**Records to use**
^^^^^^^^^^^^^^^^

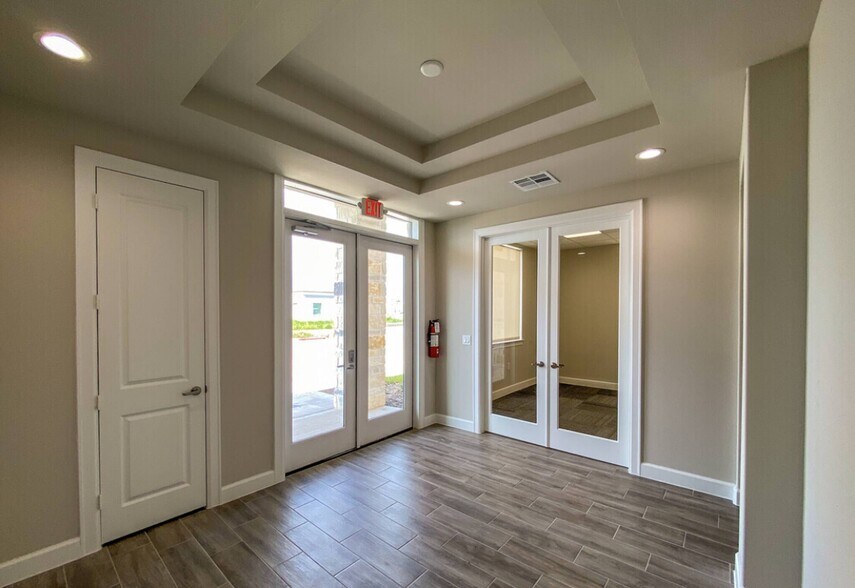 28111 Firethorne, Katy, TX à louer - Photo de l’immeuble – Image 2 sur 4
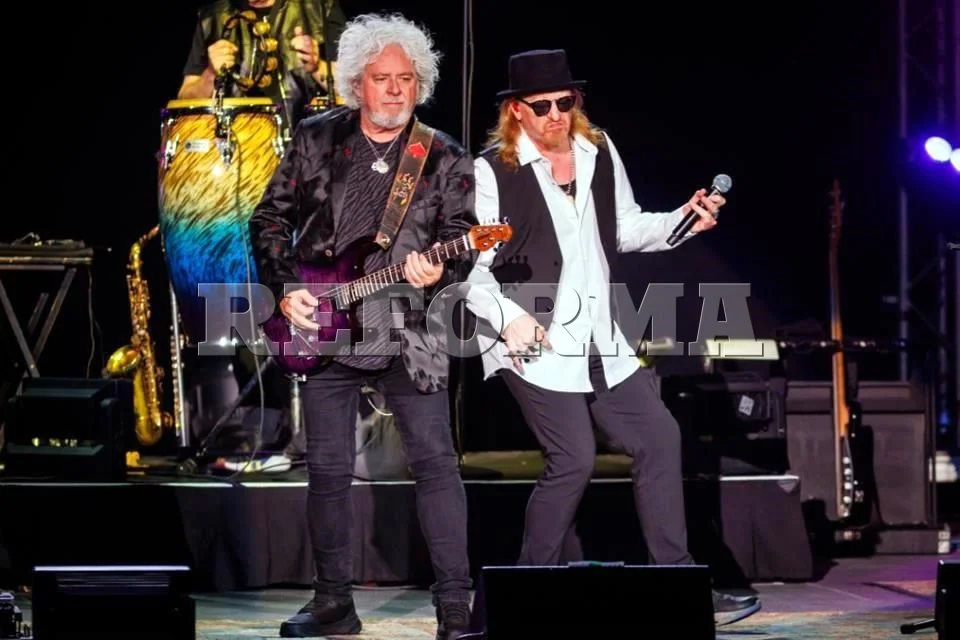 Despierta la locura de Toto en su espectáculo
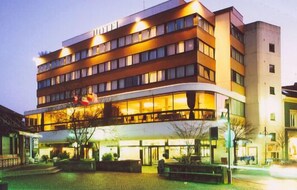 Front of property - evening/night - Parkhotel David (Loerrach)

^^^^^^^^^^^^^^^^

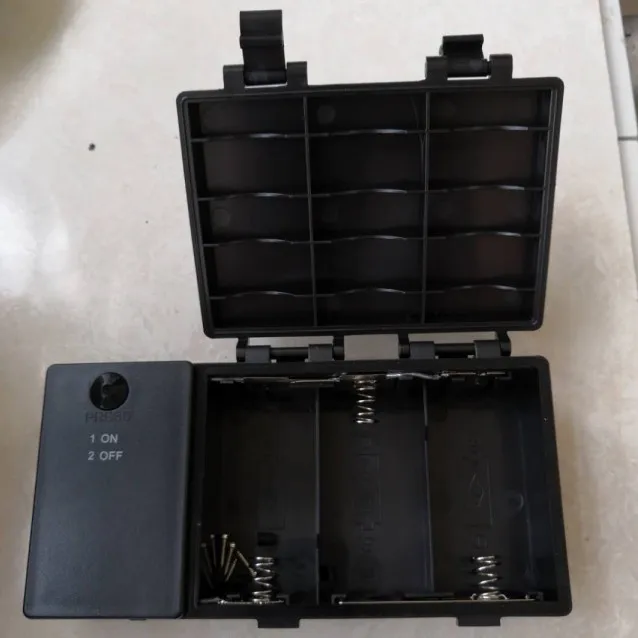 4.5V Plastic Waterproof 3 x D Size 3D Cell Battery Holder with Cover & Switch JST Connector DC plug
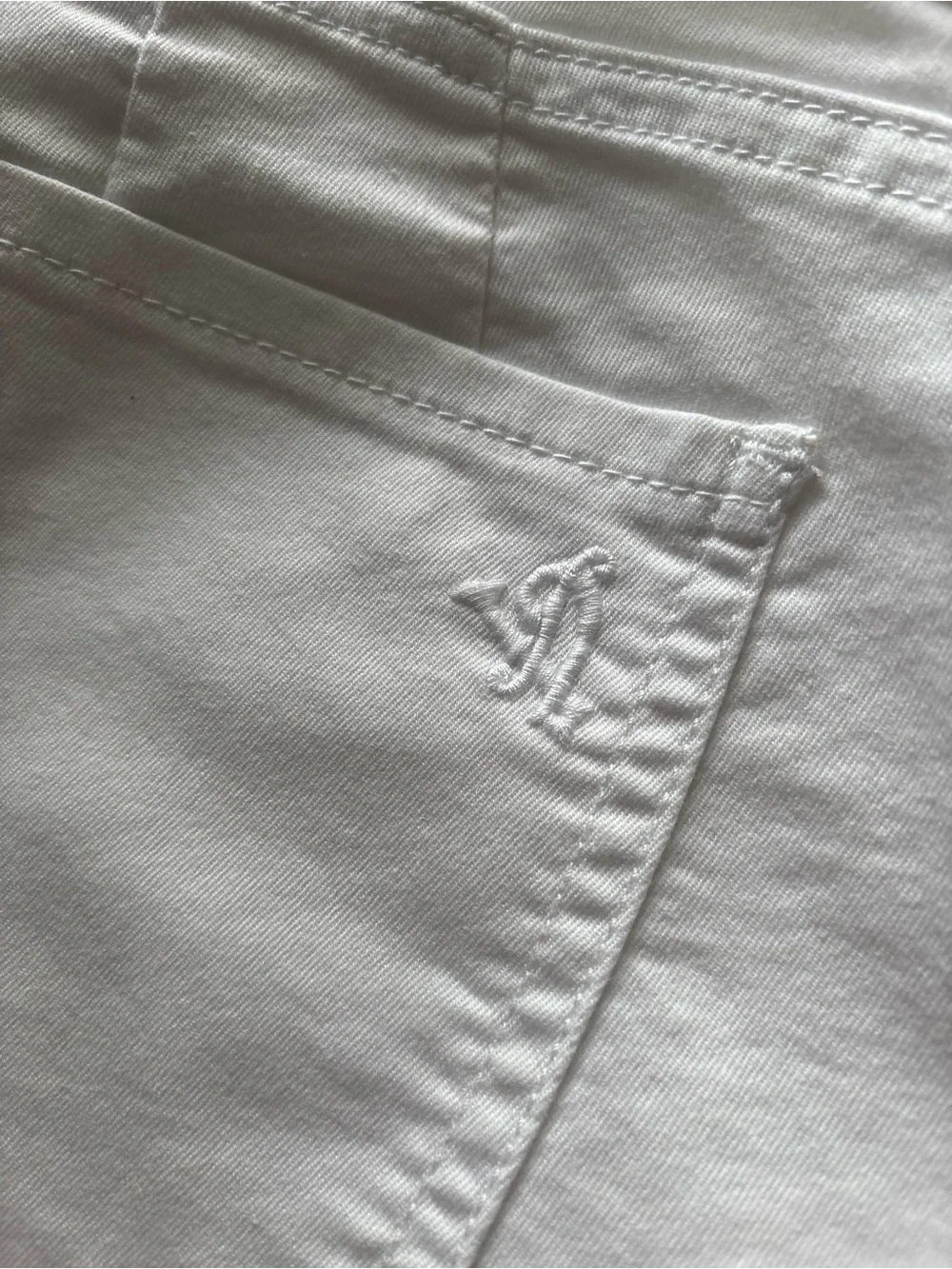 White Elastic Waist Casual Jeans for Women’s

^^^^^^^^^^^^^^^^

**Work instructions**
Once the line with "Despierta la locura" is found above, print it and every line after it through the line with "Front of property", exactly. Pictures stay out.

**Response to this task**
 Despierta la locura de Toto en su espectáculo
 Front of property - evening/night - Parkhotel David (Loerrach)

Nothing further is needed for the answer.